#### What you have to do
Your output must be the lines below from the line containing "Acht Blue Wash" to the line containing "Bibifish Womens Pajama", both lines included, reproduced exactly and without pictures.

Caption-style text data
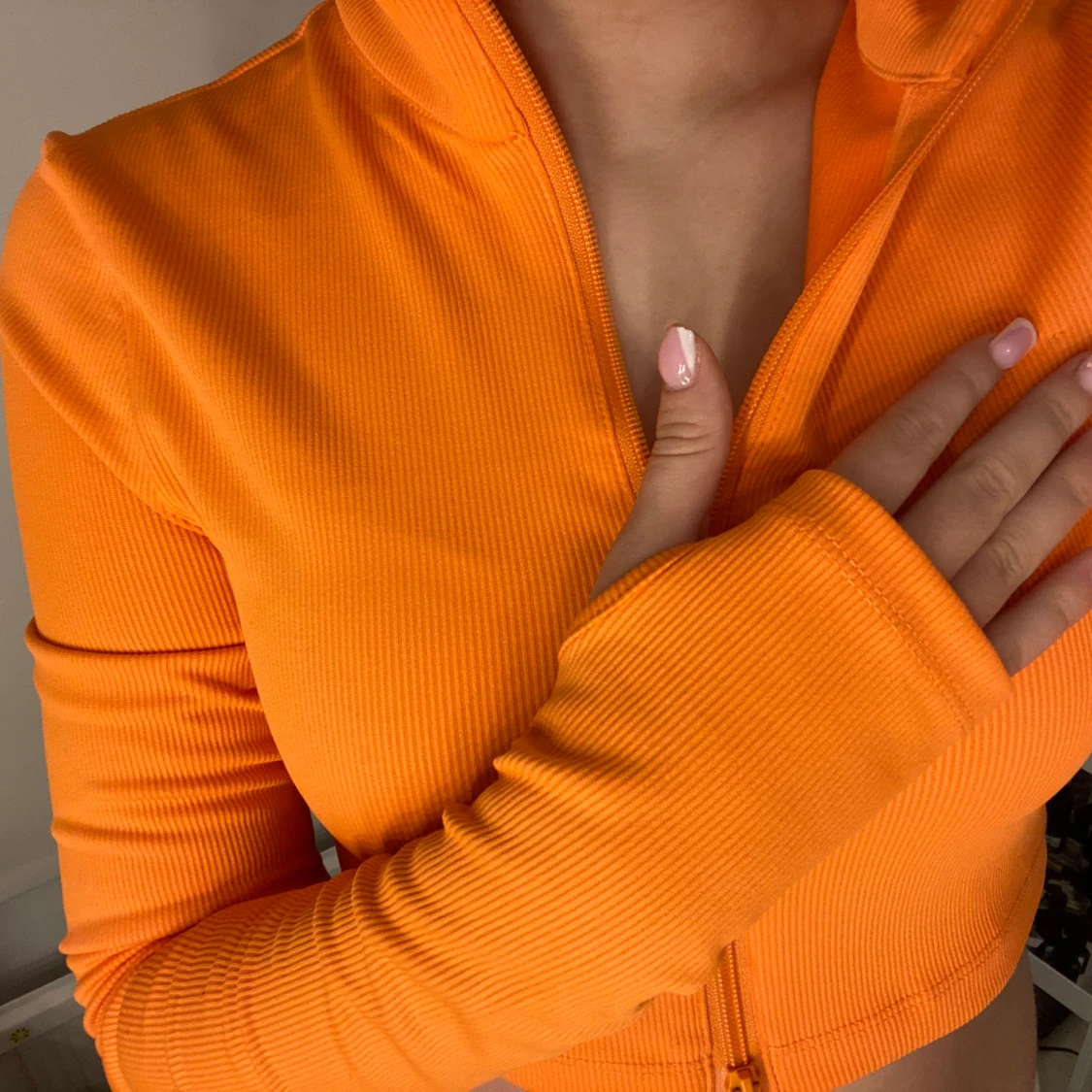 Orange zip up tröja - 91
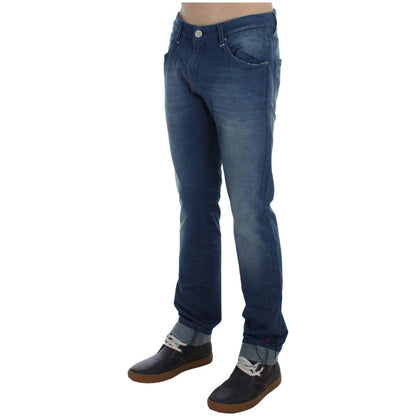 Acht Blue Wash Denim Cotton Stretch Slim Fit Jeans Acht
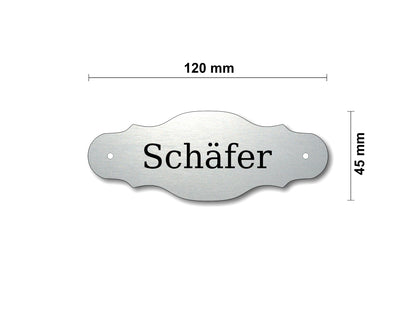 Türschild, Briefkastenschild, Klingelschild, Acrylverbund, Oberfläche Gold gebürstet, Edelstahl gebürstet oder schwarz glänzend - 70-300-003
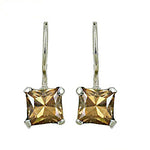 将图像加载到图库查看器中, Silver Princess Cut Topaz Drop Earrings for Women | Gift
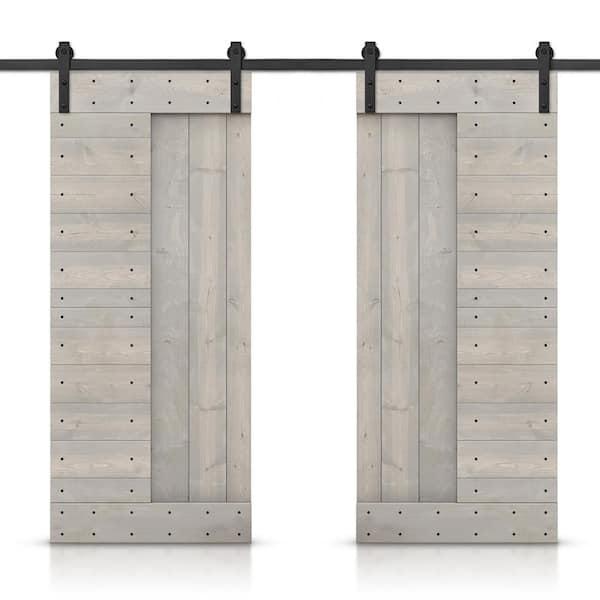 CALHOME 60 in. x 84 in. Silver Gray Stained DIY Knotty Pine Wood Interior Double Sliding Barn Door with Hardware Kit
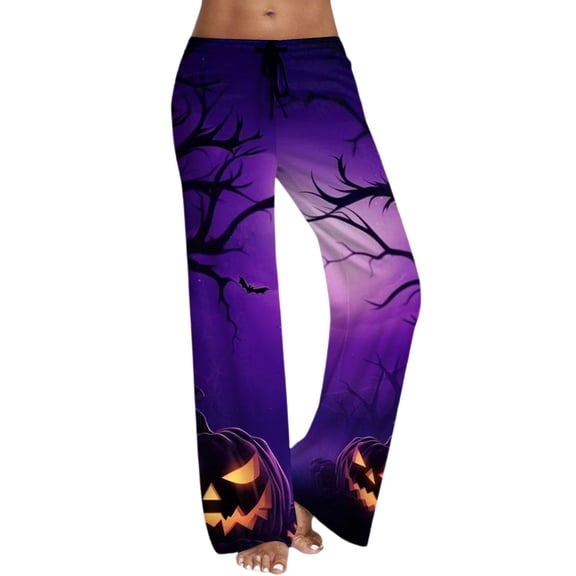 Bibifish Womens Pajama Pants Wide Leg Drawstring Waist Halloween Novelty Print Everyday Spring Winter Pajama Sleep Pants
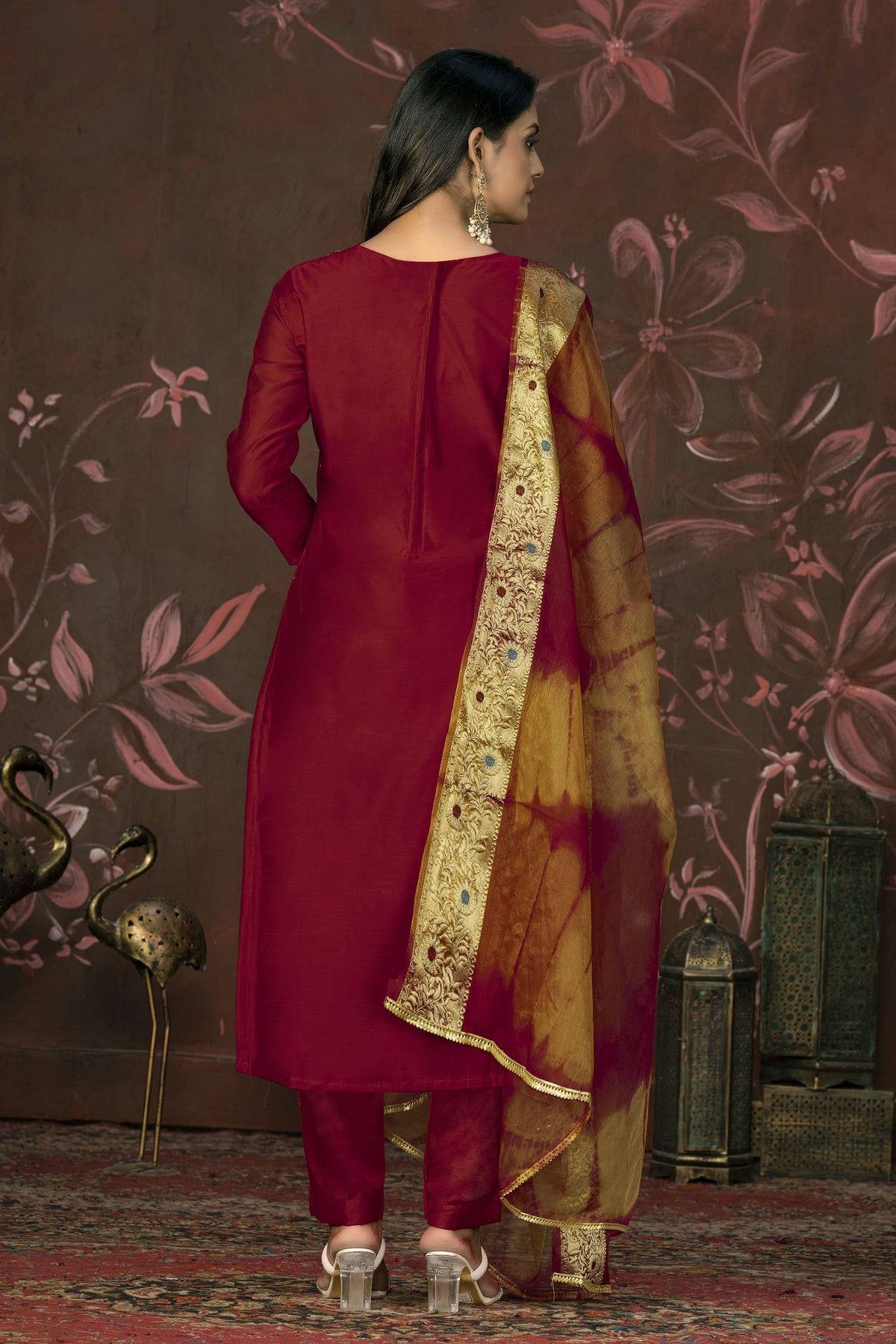 Maroon Colour Unstitched Modal Cotton Pant Style Suit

#### Output
 Acht Blue Wash Denim Cotton Stretch Slim Fit Jeans Acht
 Türschild, Briefkastenschild, Klingelschild, Acrylverbund, Oberfläche Gold gebürstet, Edelstahl gebürstet oder schwarz glänzend - 70-300-003
 将图像加载到图库查看器中, Silver Princess Cut Topaz Drop Earrings for Women | Gift
 CALHOME 60 in. x 84 in. Silver Gray Stained DIY Knotty Pine Wood Interior Double Sliding Barn Door with Hardware Kit
 Bibifish Womens Pajama Pants Wide Leg Drawstring Waist Halloween Novelty Print Everyday Spring Winter Pajama Sleep Pants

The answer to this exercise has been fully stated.